In their study, Morris and Jungjohann first define the German understanding fo energy democracy as followed: Energy democracy is 1) when citizens and communities can make their energy, even when it hurts energy corporations financially; 2) something currently mainly pursued in Denmark and Germany but that can spread around the world during the current window of opportunity; 3) the most often overlooked benefit of distributed renewables in the fight against climate change; 4) something to fight for as the path to a better quality of life with stronger communities and better personal relationships.
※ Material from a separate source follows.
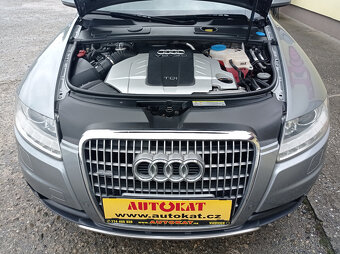Audi A6 Allroad 3.0 TDI Quattro/Navi/Xenony - 9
From this standpoint of view, the authors show how Germany began its journey on becoming a key player in the renewable energy sector. Even though many people think the policies began after Fukushima or the crisis with Russia, there is a vast background on the transmission process starting from the early 1980s, where the initial goal was to decrease coal consumption rate on the energy sector. After the nuclear accident at Chernobyl, reducing nuclear power and protecting climate becomes popular.
However, the vital aspect of the German energy transition was the people who initiated the process from bottom-up. Protests against nuclear energy plants began in the 1970s against the government, and the companies started investing in wind and solar energy by the 1980s.
The technological developments in these sectors happened gradually with minor improvements each time and today made Germany one of the leading countries in renewable energy.
As Germany, Turkey also tries to increase the rate of renewables on energy production. Today, around 60 to 70% of electricity production comes from renewable energy. Even though the authors argue that the goal of the book is not to encourage people to start copying Germany’s Energiwende, Turkey can learn from the experience. Instead of solely focusing on the outcomes, we can choose the see the process and struggles to develop our incentive mechanisms on the subject. The conference, therefore, will be valuable for the ones who are interested in the small details behind Germany’s success. The book is also available online for Bilkent students. You can download it through our library’s website.
The event will be online on YouTube. You will be able to ask your questions to authors by using the live chat tool. We hope to see you virtually on Wednesday.